One subject that often arises when asking about Jeff Bezos and The Washington Post is whether it can cover Amazon independently and impartially. Of course, it’s not unusual for a news organization to have an owner with outside interests that deserve coverage, with John Henry’s ownership of the Globe and the Red Sox being a prime example. But Amazon represents a particular challenge given its size, influence and cultural impact. Amazon, after all, is largely responsible for disrupting the book industry. Amazon Web Services does business with the CIA.

When Bezos met with Post staff members a month after he announced he would buy the paper, he told them that they should “feel free to cover Amazon anyway you want, feel free to cover Jeff Bezos any way you want.” By the spring of 2017, there were no reports that Bezos had tried to interfere with the Post’s news coverage.

Indeed, within days of the announcement that he would buy the paper, the Post published an in-depth examination of Bezos and Amazon that could fairly be described as warts and all — he was described as “ruthless” and a “bully” in his dealings with competitors and a boss who was known for launching “tirades” that “humiliated colleagues.”

As is his custom, Bezos refused to cooperate with the team of reporters who worked on that story. But national investigative editor Kimberly Kindy, who was among those journalists, told me there were no repercussions from Bezos after publication. “I don’t think that we have shied away from covering him. And he certainly has invited us to,” she said. Kindy’s Post career thrived under Bezos’s ownership. Among other things, she was deeply involved in a massive effort to document fatal shootings of civilians by police officers — a project that won the 2016 Pulitzer Prize for National Reporting.

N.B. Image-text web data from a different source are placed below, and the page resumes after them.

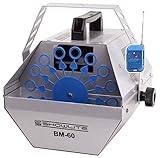 Showlite BM-60 Seifenblasenmaschine 60W mit Funk Fernbedienung (0,6l Tank, 2-3 Stunden Laufzeit bei vollem Tank, Party Effekt, Disco Bubbles) silber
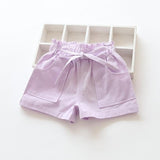 Summer Kids Casual Shorts Soft Cotton Beach Trousers Baby Girl Pure Color Short Pants Children's Wear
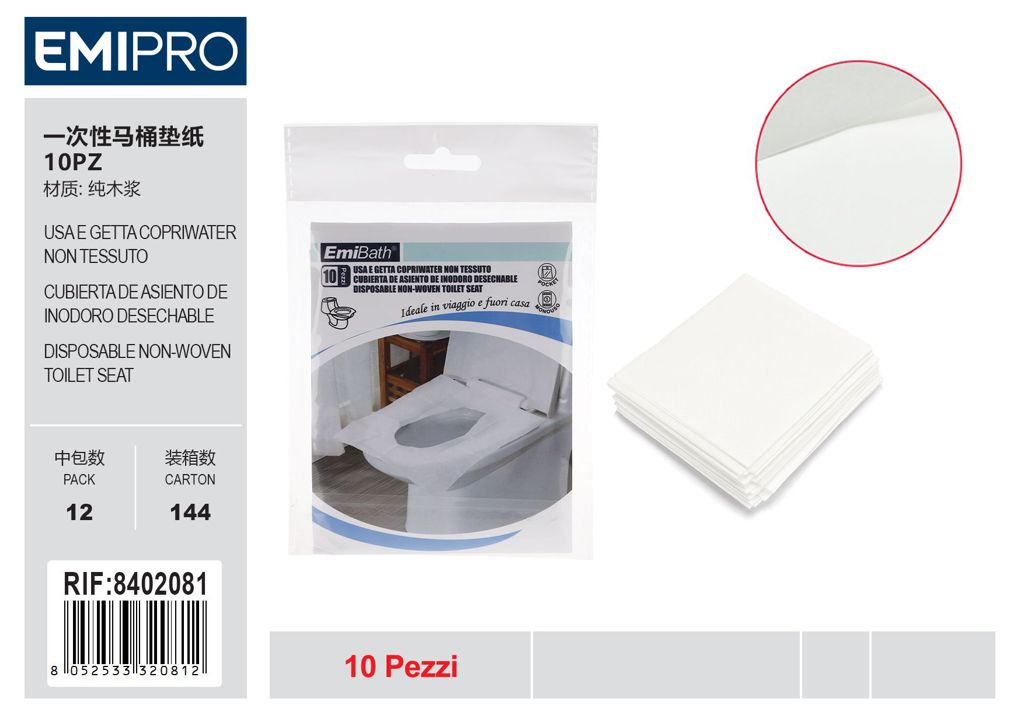 Usa E Getta Copriwater Non Tessuto 10Pz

Yet it was The New York Times, and not The Washington Post, that produced a lengthy, highly critical investigative story about Amazon’s workplace culture — a story that created a sensation when it was published in the summer of 2015. For anyone who had read Brad Stone’s 2013 book about Amazon, “The Everything Store,” there was little new information. Indeed, it struck me that the Times, unlike Stone, missed some crucial context in its implication that Amazon was uniquely awful rather than merely awful in the manner that’s typical of hard-charging technology companies. As the technology writer Mathew Ingram put it in criticizing the Times’ reporting, “To take just one example, Apple co-founder Steve Jobs’ treatment of his staff makes anything that Amazon has done (or likely ever will do) seem like a day at the beach.”

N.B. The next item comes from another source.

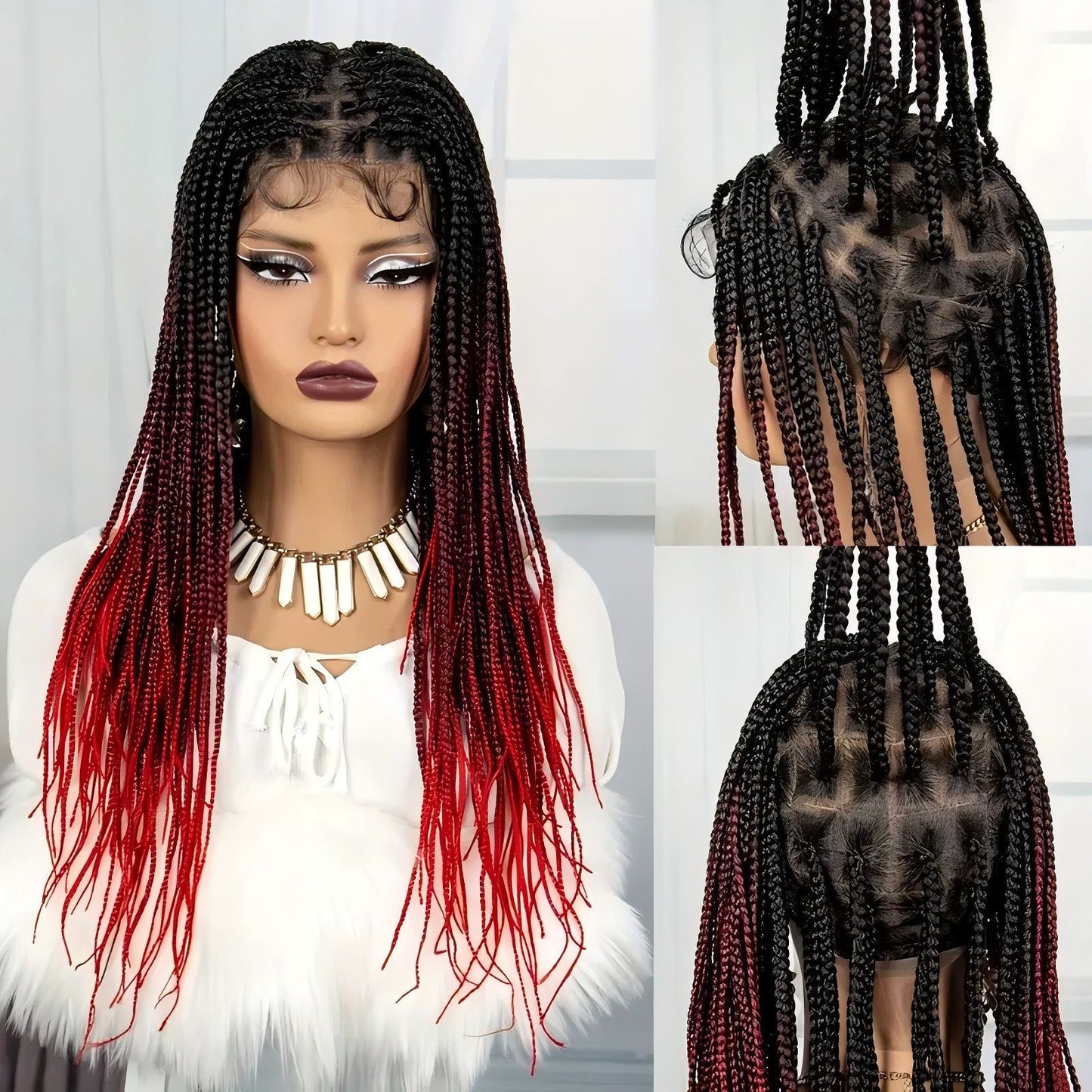 Braid Head Cover Full Lace Fake Hand-woven Wig Long Curls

Regardless of the merits of the Times’ story, though, it may be too much to expect that the Post, of all media outlets, would take the lead on in-depth enterprise reporting about the dark side of Amazon. “To expect a newspaper to be a fifth column against itself and its owners is naive and probably without precedent,” Jack Shafer said.

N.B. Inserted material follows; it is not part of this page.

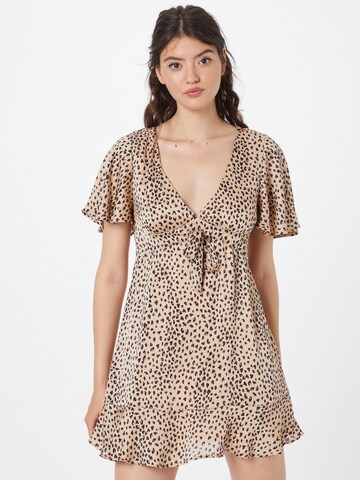Parallel Lines Kleid in Beige: Vorderseite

Erik Wemple, on the other hand, said he hoped the Post could engage in such reporting if it was warranted. “It would be incredibly awkward to commission a big investigative story. And I hope we do endure that awkwardness,” Wemple said. “Bezos’s dream of a paper of record necessitates tough coverage of Amazon.” He added: “The difficulty is always one of self-censorship. That’s a serious concern of any news organization that has a mogul running it.”

Baron, for his part, said he had no intention of letting Bezos’s ownership of the Post interfere with the way his journalists covered Amazon. “Jeff said at his first town hall here, ‘You should cover me and cover Amazon the way you would cover any other company and any other chief executive, and I’m fine with that,’” Baron said. “On multiple occasions since then he has repeated that. He said the same thing to me personally. And I said, ‘Good, because that’s what I’m planning to do.’ And I have never heard from him about a single story about Amazon.”

***

In his early days at The Boston Globe, Baron kept an exceedingly low profile. As the news business shrank, Baron slowly began to emerge as a voice for embracing change while at the same time maintaining high journalistic standards. In 2012, when he was still at the Globe, he gave a speech in which he urged journalists to fight against the “fear” that had overcome them — fear of being accused of bias, of losing customers or offending advertisers: “Fear, in short, that our weakened financial condition will be made weaker because we did something strong and right, because we simply told the truth and told it straight.”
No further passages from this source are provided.